Un soignant s'apprête à administrer le vaccin de Pfizer-BioNTech contre le Covid-19, à l'Institut Michener, à Toronto, au Canada, le 14 décembre 2020

Un soignant s'apprête à administrer le vaccin de Pfizer-BioNTech contre le Covid-19, à l'Institut Michener, à Toronto, au Canada, le 14 décembre 2020 - CARLOS OSORIO © 2019 AFP

L'Union européenne semble avoir bien mieux négocié que l'administration Trump qui déboursera 19,50 euros la dose.

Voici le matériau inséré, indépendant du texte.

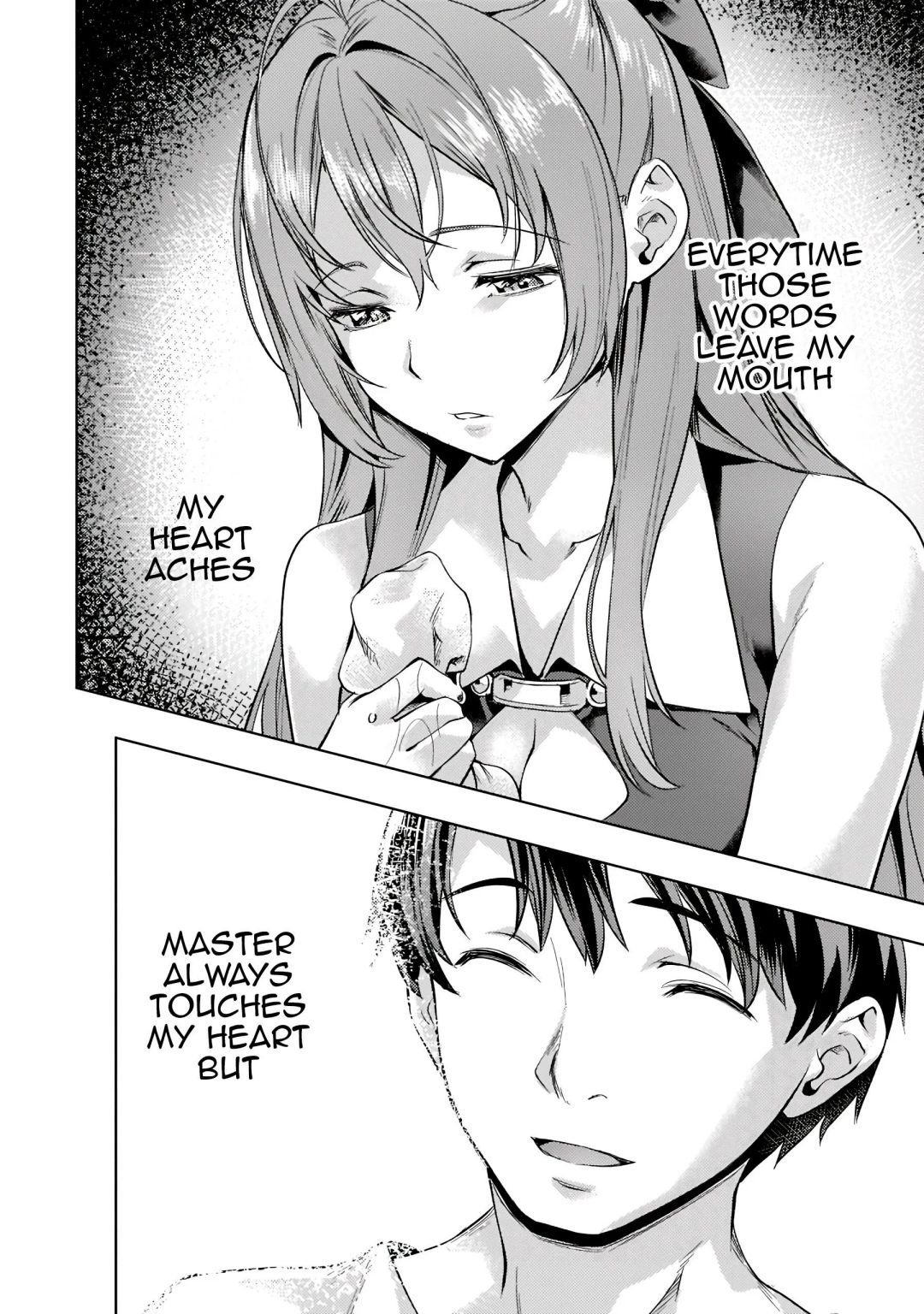 Page 16 of Chapter 28
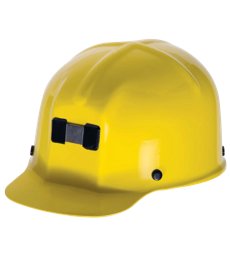 Comfo-Cap® Hard Hat | MSA Safety | United States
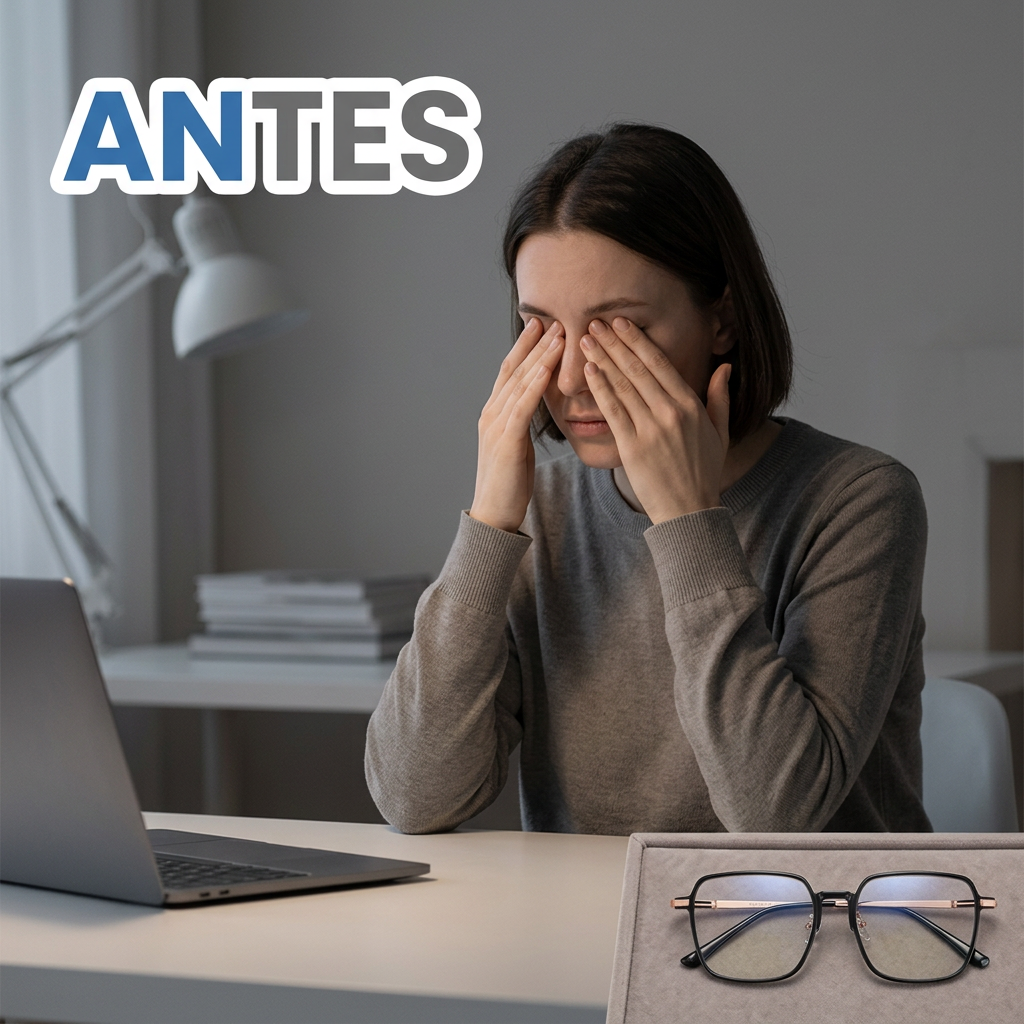 Antes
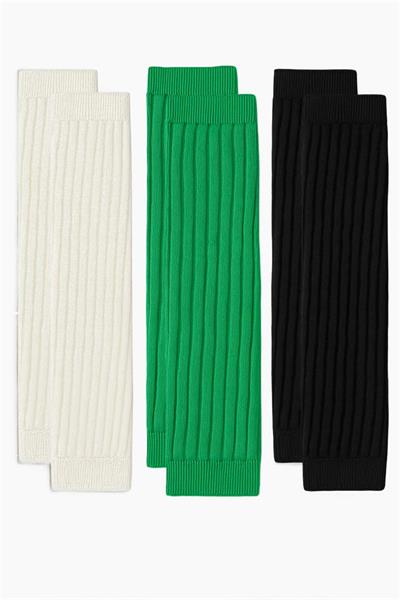 3 Adet Basic Kalın Pamuk Karışımlı Çocuk Tozluk ( 5-16 Yaş )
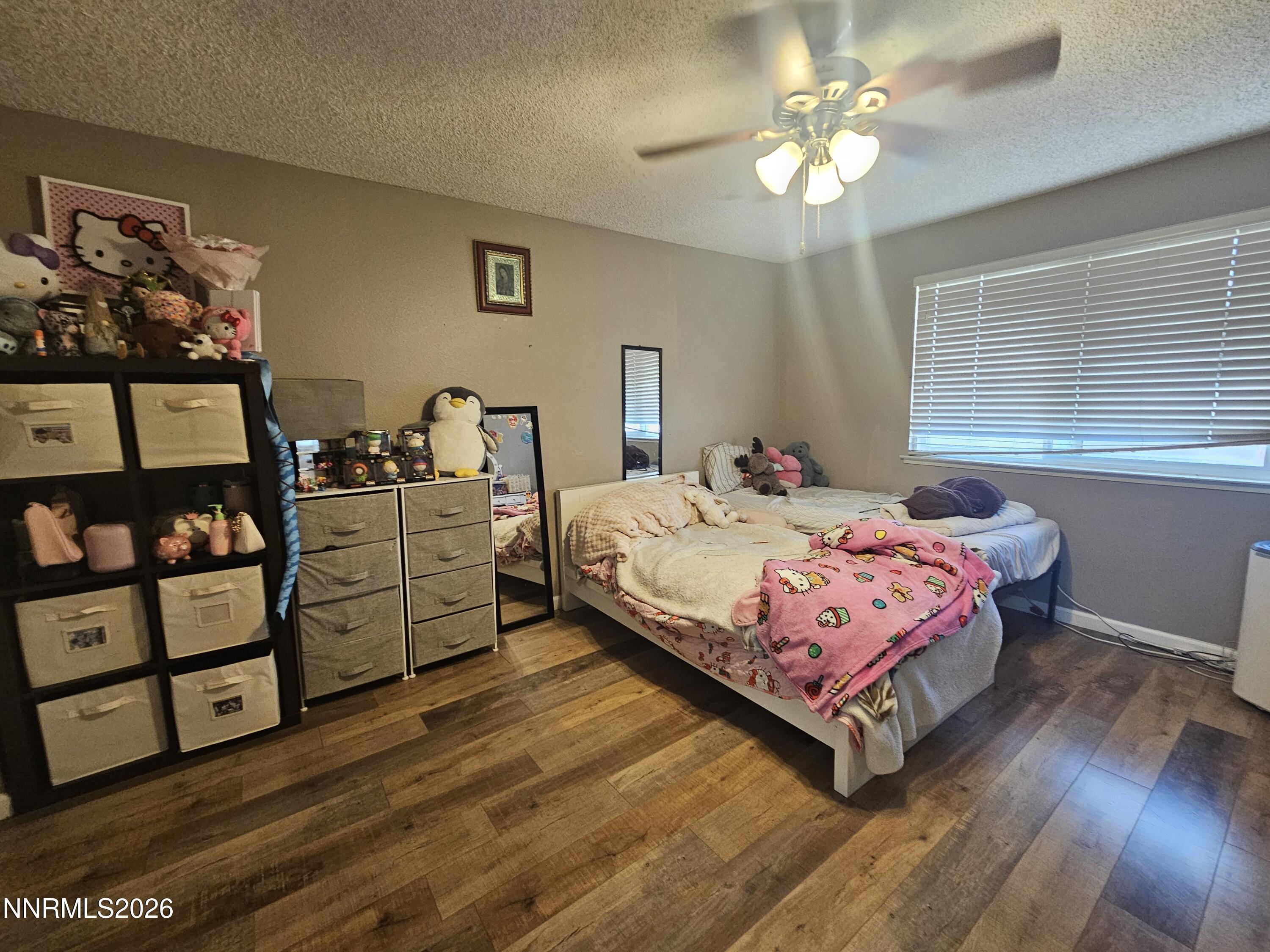 840 El Cortez Way
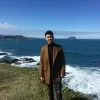 Dennis Chew Sing Teong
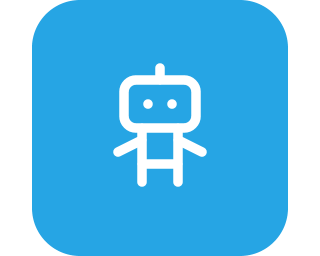 Telegram Members (Bot Start)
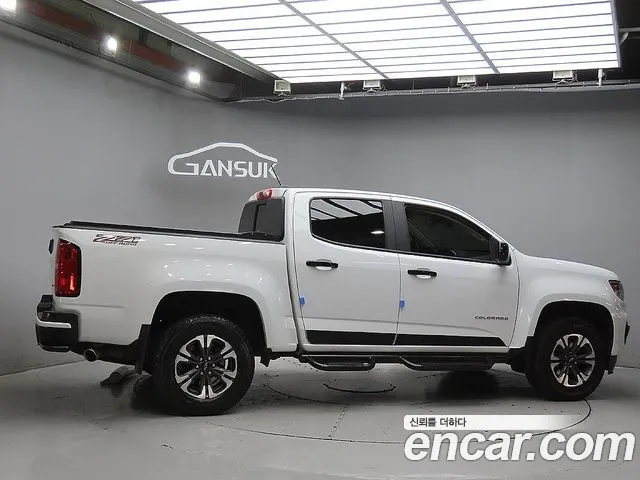 2022 Chevrolet Colorado Sold VIN 1GCPT9EN7N1224401 – dashboard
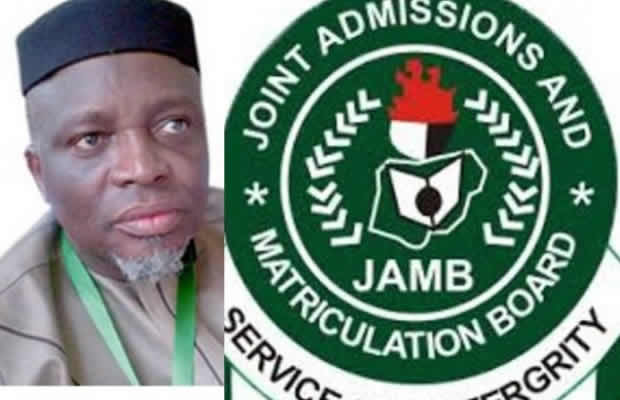 Director arraigned for threatening JAMB registrar’s wife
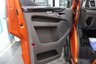 USED 2018 68 FORD TRANSIT CUSTOM 2.0 300 EcoBlue Limited Panel Van 5dr Diesel Manual L1 H1 Euro 6 (130 ps) 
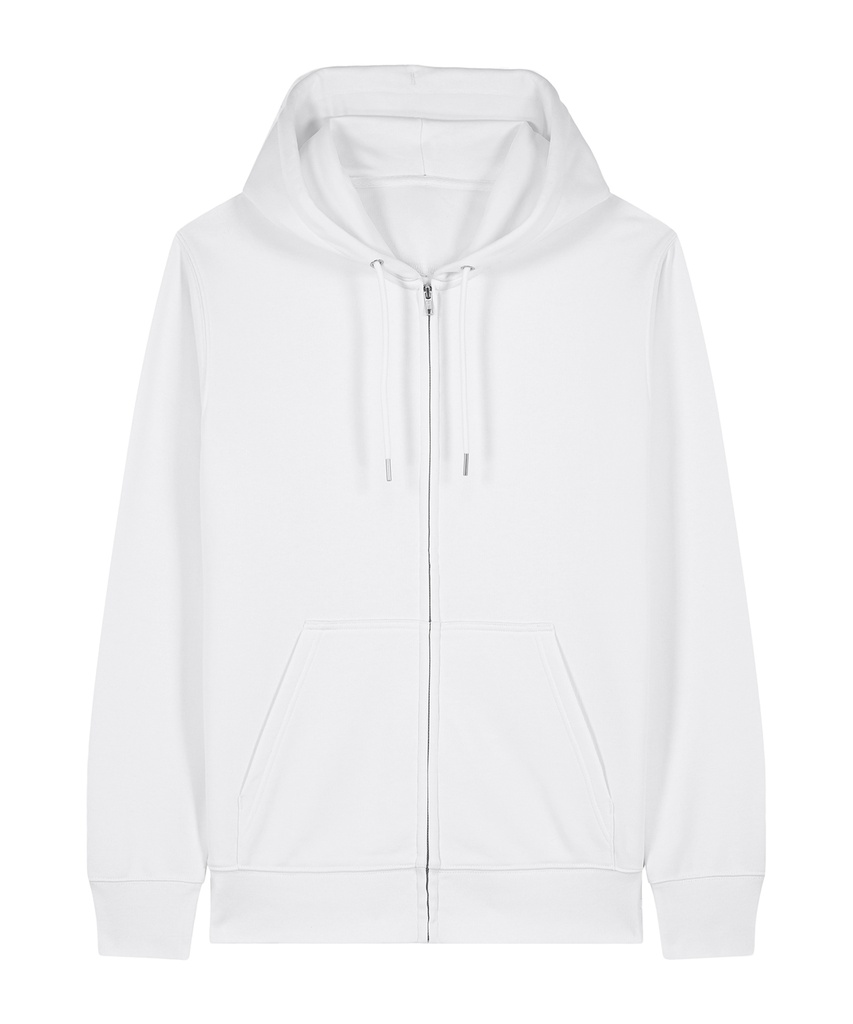 Connector 2.0 (STSU207)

L'Europe a tenu à être discrète sur le prix payé au laboratoire Pfizer/BioNTech pour son vaccin anti-covid arguant que ce chiffre était confidentiel. Mais un document interne consulté par l'agence Reuters évente le secret.

L'Union européenne paiera 15,50 euros par dose sur la base d'une commande de 300 millions de doses. Soit une facture globale de 4,65 milliards d'euros. Reuters précise que le dit document de l'UE, daté du 18 novembre, a été diffusé en interne après l'annonce d'un accord d'approvisionnement entre le bloc et les deux laboratoires le 11 novembre dernier.

La Commission semble en tout cas avoir bien mieux négocié que l'administration Trump qui déboursera 19,50 euros la dose pour une commande certes inférieure à 100 millions de doses.

Une clause de confidentialité pourtant signée sur les prix

Cette révélation (ainsi que la publication de ces prix par la secrétaire d’État belge chargée du budget, prix d'ailleurs un peu différent concernant Pfizer) irrite à la fois Pfizer et la Commission. Le laboratoire a ainsi rappelé que les prix étaient "couverts par une clause de confidentialité prévue dans le contrat avec la Commission", selon une porte-parole de Pfizer Benelux jointe par l'agence Belga.

Bruxelles a de son côté réaffirmé l’importance de respecter cette "obligation" de discrétion.

Tout ce qui concerne des informations comme le prix des vaccins est couvert par la confidentialité, c'est une obligation très importante", a affirmé Stefan De Keersmaecker, porte-parole de la Commission sur les questions de santé.

Le risque? Que ces fuites cassent le pouvoir de négociation des États, et que les laboratoires n'alignent leurs tarifs à la hausse.